The Face of the Waters, page 21
Armando moved the flame to the other side and stepped back, taking in breath – for the flame had thrown into relief the lifelike image of a dark dog sketched out across the wall, its teeth bared, its red eyes glowing.
As he retreated further, he brushed up against something solid; he spun around, illuminating the hunched figure of the person behind him.
Her face was like nothing he had ever seen; in the soft light, the fissures of flesh, which ran tumorous over her cheeks and her forehead, made her look as though she had been filleted, as though he were looking at a piece of raw, marbled meat that happened to have a pair of eyes set into it. Those eyes were pale blue, almost milky white, and her face was still dripping with piss, yet her cracked, parched lips were curled in a deranged smile.
Armando made a gagging sound, not just because she looked so repulsive, but because the liniments and sinews of her insides showed through the thin film of withered skin of her face, and he couldn’t comprehend how someone could live in a condition of such suffering.
But when her voice came, it was light, and the way she spoke was almost girlish. She blinked twice, lids of pale skin crossing those pallid eyes.
‘Hello, mister. Would you … like a bit of fun?

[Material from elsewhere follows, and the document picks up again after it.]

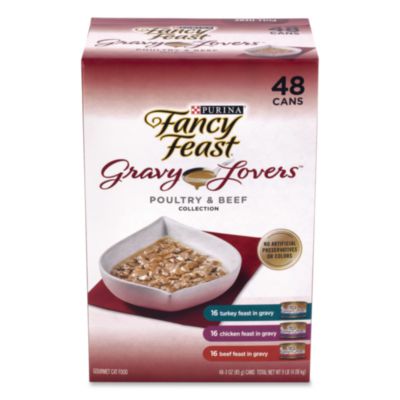 Fancy Feast Gravy Lovers Poultry and Beef Variety Pack, Assorted Flavors, 3 oz Can, 48/Carton (22002666)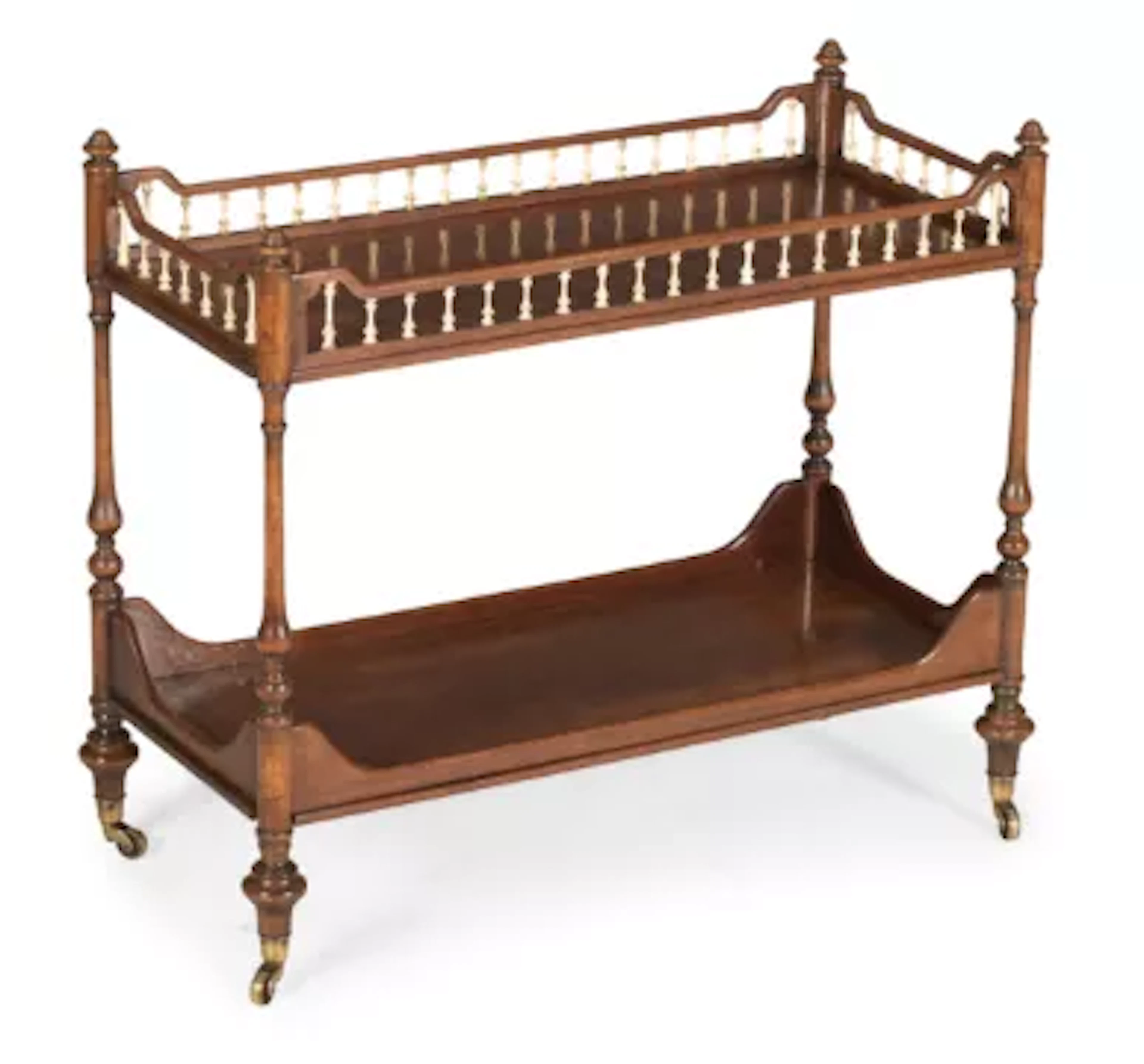 Y A VICTORIAN WALNUT AND IVORY TWO TIER ETAGERE, ATTRIBUTED TO HOWARD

You can take me home …’ The girlish voice faded in the shadows.
He could see she was reverting to the type of patois she might have used decades ago but was struggling to remember her words.
She found her pitch again. ‘You could take me home, and I can make you feel good all night long!’
Forcing himself to look at her, Armando tried to soften his voice. ‘Kassandra?’
‘Kassandra, Kassandra,’ she trilled back. ‘That’s my name, but it’s not a battery, don’t wear it out!’
‘I’m looking for someone, Kassandra. Do you think you could help me?’
Armando reached into his pocket and took out the picture. He showed it to her under the glow of the flame.
She cocked her head, blinked a couple of times, and smiled again.
‘Little Meercciaaa,’ she said with a soft sigh. ‘Mercia … the girl!’
‘Did you know her?’ Armando asked.
‘Oh yes. But she’s not here anymore.’
‘Where is she? Where did she go?’
‘Mercia the girl.’
‘Yes, Mercia the girl. Where is she?’
Her eyes struggled to focus. ‘She’s in Mictlān. And she can’t come back?’
‘Mictlān? Is that a place? Can you tell me where it is?’
Those white eyes raised to look into his directly for the first time. She put her finger to her lips and then looked down at the ground.
She spoke in a whisper, her voice soft and inviting, as though she were revealing a secret. ‘It’s wet. And so very cold. You will know soon enough, though. You’ll be there soon. I can see his shadow on your face. He is coming for you!’
‘And Mercia. Did he come for her?’
‘Mercia. Mercia the girl!’
‘Yes, Mercia the girl.’
She looked at him again, and through her battered, shredded expression, he saw something underneath trying to achieve clarity.
‘Mercia the girl,’ she said again. She pointed to her face.
‘He … did … this. He … helped me. He helped me take off my mask – in Mictlān. He helped me take off my mask in the wet and the cold, so I could see. He gave me true sight for the first time.’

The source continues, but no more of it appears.